§ What is needed
Lift out, unaltered, the lines of the material below between the line holding "Parotid Sialendoscopy Endoscopic" and the line holding "Prevention of cavity", counting both.

§ Data for this exercise

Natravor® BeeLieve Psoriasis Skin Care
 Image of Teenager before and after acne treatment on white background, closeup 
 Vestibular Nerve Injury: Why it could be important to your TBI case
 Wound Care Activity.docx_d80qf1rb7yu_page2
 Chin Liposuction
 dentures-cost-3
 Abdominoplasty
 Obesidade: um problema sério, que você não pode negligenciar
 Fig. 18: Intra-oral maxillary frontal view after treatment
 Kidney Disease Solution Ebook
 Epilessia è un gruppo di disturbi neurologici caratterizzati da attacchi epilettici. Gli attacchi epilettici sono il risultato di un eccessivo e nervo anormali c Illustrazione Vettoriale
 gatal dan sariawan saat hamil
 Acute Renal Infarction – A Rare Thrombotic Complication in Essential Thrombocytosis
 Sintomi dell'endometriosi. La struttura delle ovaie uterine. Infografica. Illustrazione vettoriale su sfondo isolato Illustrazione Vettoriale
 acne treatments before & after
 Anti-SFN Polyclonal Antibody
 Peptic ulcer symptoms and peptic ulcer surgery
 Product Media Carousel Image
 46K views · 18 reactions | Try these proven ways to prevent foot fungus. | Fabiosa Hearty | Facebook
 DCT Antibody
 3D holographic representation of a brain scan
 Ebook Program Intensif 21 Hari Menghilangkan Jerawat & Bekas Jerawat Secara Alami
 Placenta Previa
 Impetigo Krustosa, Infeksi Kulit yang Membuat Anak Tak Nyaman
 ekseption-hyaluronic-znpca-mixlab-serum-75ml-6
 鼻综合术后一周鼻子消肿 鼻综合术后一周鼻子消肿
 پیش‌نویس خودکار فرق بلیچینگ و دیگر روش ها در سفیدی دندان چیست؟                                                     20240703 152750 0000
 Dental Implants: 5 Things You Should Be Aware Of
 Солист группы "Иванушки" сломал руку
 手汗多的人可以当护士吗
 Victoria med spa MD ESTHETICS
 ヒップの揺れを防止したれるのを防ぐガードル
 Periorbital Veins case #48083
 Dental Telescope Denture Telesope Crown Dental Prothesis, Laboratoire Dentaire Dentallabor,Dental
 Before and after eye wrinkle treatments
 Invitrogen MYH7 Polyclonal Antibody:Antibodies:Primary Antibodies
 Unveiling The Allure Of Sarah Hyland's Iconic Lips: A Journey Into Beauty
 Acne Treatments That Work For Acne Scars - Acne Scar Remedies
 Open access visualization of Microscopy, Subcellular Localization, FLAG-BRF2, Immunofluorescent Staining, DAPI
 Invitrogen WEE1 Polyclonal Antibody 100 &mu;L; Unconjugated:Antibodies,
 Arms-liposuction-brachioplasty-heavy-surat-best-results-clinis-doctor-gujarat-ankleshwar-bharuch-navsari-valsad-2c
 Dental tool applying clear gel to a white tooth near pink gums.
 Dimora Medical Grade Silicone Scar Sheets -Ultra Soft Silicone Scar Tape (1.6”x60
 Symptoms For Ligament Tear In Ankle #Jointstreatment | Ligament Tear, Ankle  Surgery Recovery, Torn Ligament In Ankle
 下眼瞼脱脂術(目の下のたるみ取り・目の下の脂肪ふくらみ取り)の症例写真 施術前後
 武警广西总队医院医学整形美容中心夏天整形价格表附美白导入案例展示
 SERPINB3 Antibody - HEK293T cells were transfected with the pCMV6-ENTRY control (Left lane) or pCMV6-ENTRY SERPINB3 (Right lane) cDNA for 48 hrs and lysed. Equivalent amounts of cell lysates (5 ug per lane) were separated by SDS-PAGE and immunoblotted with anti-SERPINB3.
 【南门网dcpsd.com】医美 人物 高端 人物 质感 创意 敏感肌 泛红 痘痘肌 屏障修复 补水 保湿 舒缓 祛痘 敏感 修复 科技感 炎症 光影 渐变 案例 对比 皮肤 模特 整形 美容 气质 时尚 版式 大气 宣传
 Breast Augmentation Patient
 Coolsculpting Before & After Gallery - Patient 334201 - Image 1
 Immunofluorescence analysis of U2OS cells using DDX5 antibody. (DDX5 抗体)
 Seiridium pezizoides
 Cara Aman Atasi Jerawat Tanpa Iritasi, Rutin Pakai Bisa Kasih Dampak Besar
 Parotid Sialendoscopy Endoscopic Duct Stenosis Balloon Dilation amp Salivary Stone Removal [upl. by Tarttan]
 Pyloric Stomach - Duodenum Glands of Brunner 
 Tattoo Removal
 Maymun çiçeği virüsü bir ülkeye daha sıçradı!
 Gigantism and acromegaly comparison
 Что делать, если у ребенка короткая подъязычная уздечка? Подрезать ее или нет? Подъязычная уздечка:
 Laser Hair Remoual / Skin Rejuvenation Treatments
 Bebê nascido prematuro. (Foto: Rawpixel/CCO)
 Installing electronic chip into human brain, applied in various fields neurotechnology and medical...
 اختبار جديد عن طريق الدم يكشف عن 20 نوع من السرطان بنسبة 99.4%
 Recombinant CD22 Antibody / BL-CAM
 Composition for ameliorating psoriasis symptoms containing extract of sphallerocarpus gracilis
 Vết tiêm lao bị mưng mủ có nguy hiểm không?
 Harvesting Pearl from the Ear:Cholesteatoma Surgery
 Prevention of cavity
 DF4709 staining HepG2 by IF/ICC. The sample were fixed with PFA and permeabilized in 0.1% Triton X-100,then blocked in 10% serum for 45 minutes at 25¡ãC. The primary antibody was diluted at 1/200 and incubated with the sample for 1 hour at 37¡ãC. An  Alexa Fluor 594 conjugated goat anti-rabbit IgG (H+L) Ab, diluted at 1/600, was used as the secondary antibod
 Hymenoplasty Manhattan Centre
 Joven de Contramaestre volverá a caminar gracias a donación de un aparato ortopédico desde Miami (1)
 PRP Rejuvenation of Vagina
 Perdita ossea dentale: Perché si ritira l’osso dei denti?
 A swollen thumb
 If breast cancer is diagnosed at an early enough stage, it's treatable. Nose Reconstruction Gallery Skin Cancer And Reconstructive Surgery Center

§ Result below
 Parotid Sialendoscopy Endoscopic Duct Stenosis Balloon Dilation amp Salivary Stone Removal [upl. by Tarttan]
 Pyloric Stomach - Duodenum Glands of Brunner 
 Tattoo Removal
 Maymun çiçeği virüsü bir ülkeye daha sıçradı!
 Gigantism and acromegaly comparison
 Что делать, если у ребенка короткая подъязычная уздечка? Подрезать ее или нет? Подъязычная уздечка:
 Laser Hair Remoual / Skin Rejuvenation Treatments
 Bebê nascido prematuro. (Foto: Rawpixel/CCO)
 Installing electronic chip into human brain, applied in various fields neurotechnology and medical...
 اختبار جديد عن طريق الدم يكشف عن 20 نوع من السرطان بنسبة 99.4%
 Recombinant CD22 Antibody / BL-CAM
 Composition for ameliorating psoriasis symptoms containing extract of sphallerocarpus gracilis
 Vết tiêm lao bị mưng mủ có nguy hiểm không?
 Harvesting Pearl from the Ear:Cholesteatoma Surgery
 Prevention of cavity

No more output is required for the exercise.